▶ [How to complete this task] All of the entries below should be returned verbatim, apart from the pictures.

▶ [Entries provided]
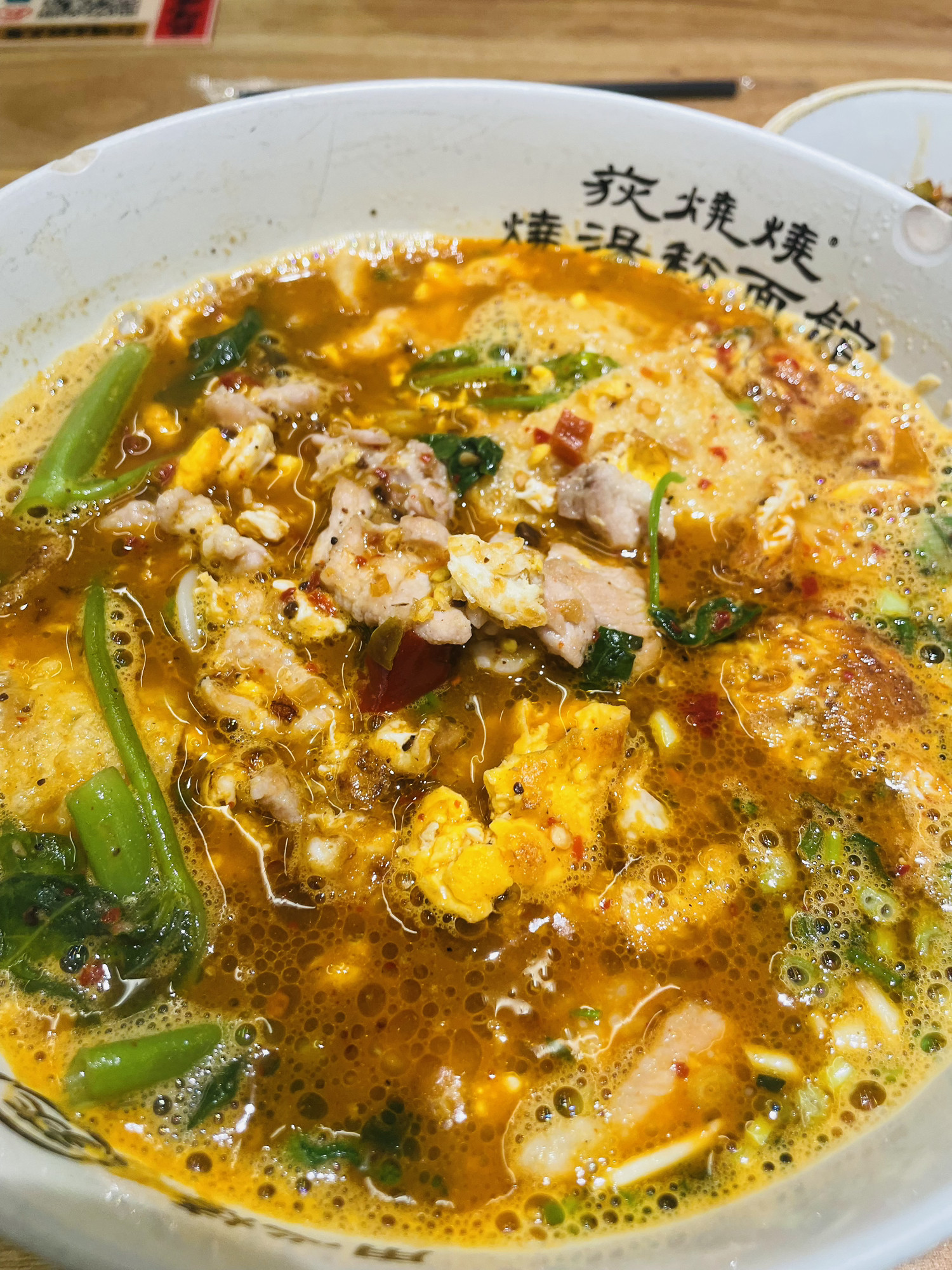 长沙烧汤粉好好吃，您打卡过吗？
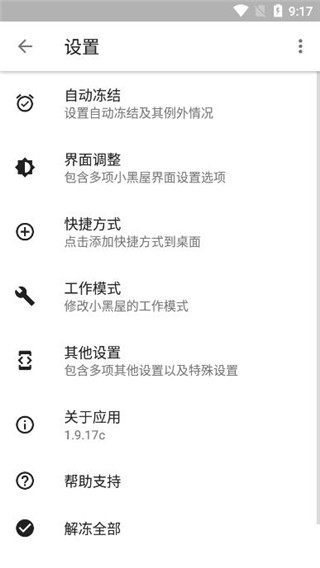 小黑屋app下载-小黑盒安卓版下载v1.9.18c 小黑屋app下载-小黑盒安卓版下载v1.9.18c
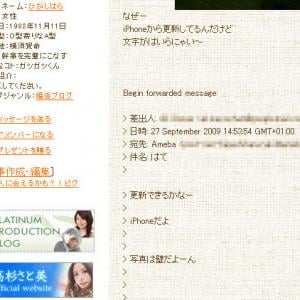 東原亜希がiphoneからブログ更新でメアド流出 やっぱりデスブログだった ガジェット通信 Getnews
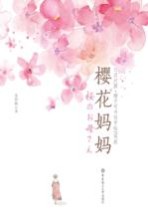 樱花妈妈  日汉对照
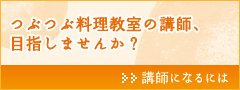 つぶつぶ料理教室の講師、目指しませんか? 講師になるには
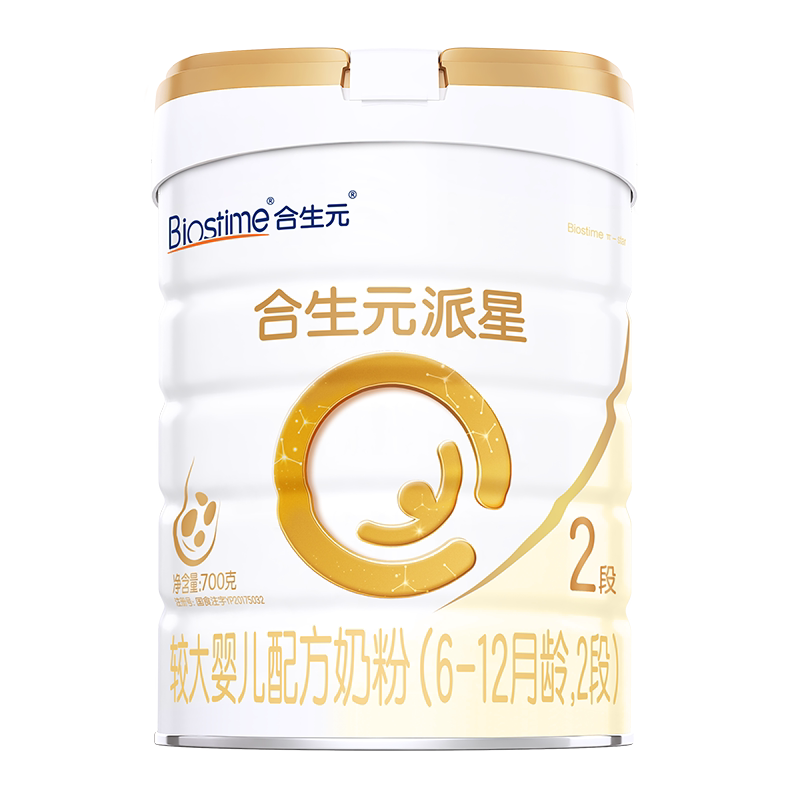 初乳营养|合生元派星新国标较大婴儿配方奶粉2段800g*6罐乳桥蛋白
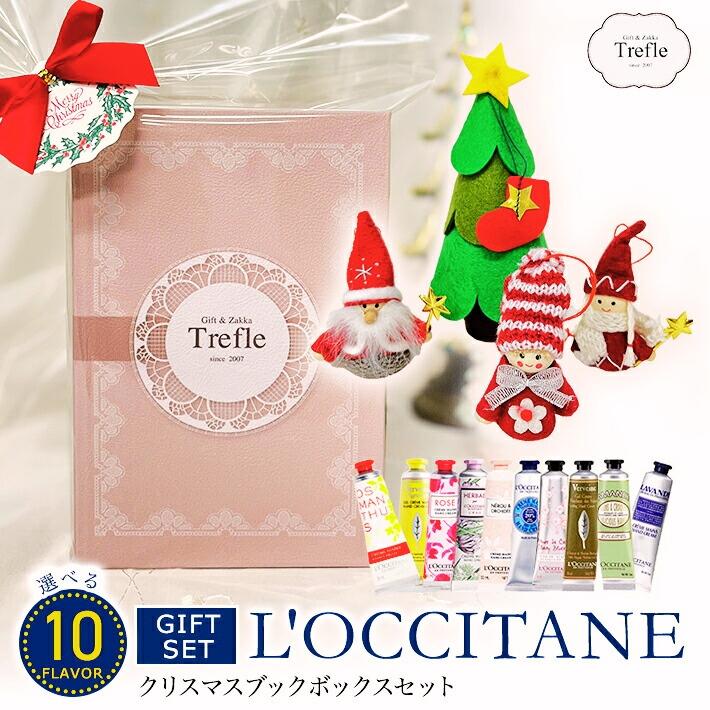ロクシタン ギフト ハンドクリーム 30ml  クリスマス ブックボックス セット Xmas ツリー マスコットプレゼント 女性 彼女 L'OCCITANE 保湿 香り | L'OCCITANE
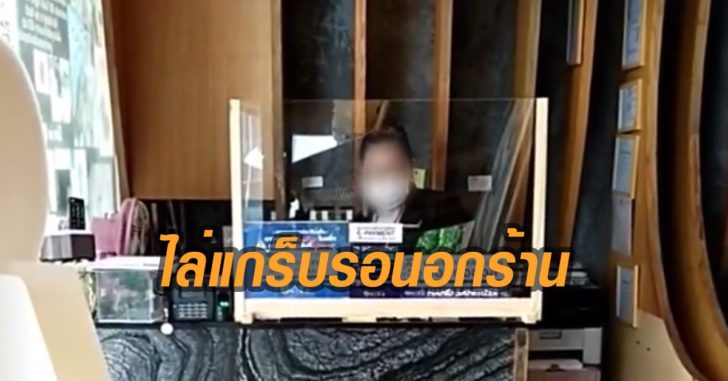 หนุ่มแกร็บอัดคลิป โดนร้านซูชิดัง ไล่ให้ไปรอนอกร้าน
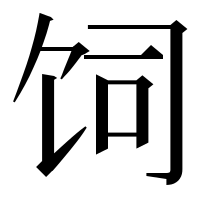 漢字の饲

▶ [Response]
 长沙烧汤粉好好吃，您打卡过吗？
 小黑屋app下载-小黑盒安卓版下载v1.9.18c 小黑屋app下载-小黑盒安卓版下载v1.9.18c
 東原亜希がiphoneからブログ更新でメアド流出 やっぱりデスブログだった ガジェット通信 Getnews
 樱花妈妈  日汉对照
 つぶつぶ料理教室の講師、目指しませんか? 講師になるには
 初乳营养|合生元派星新国标较大婴儿配方奶粉2段800g*6罐乳桥蛋白
ロクシタン ギフト ハンドクリーム 30ml  クリスマス ブックボックス セット Xmas ツリー マスコットプレゼント 女性 彼女 L'OCCITANE 保湿 香り | L'OCCITANE
 หนุ่มแกร็บอัดคลิป โดนร้านซูชิดัง ไล่ให้ไปรอนอกร้าน
 漢字の饲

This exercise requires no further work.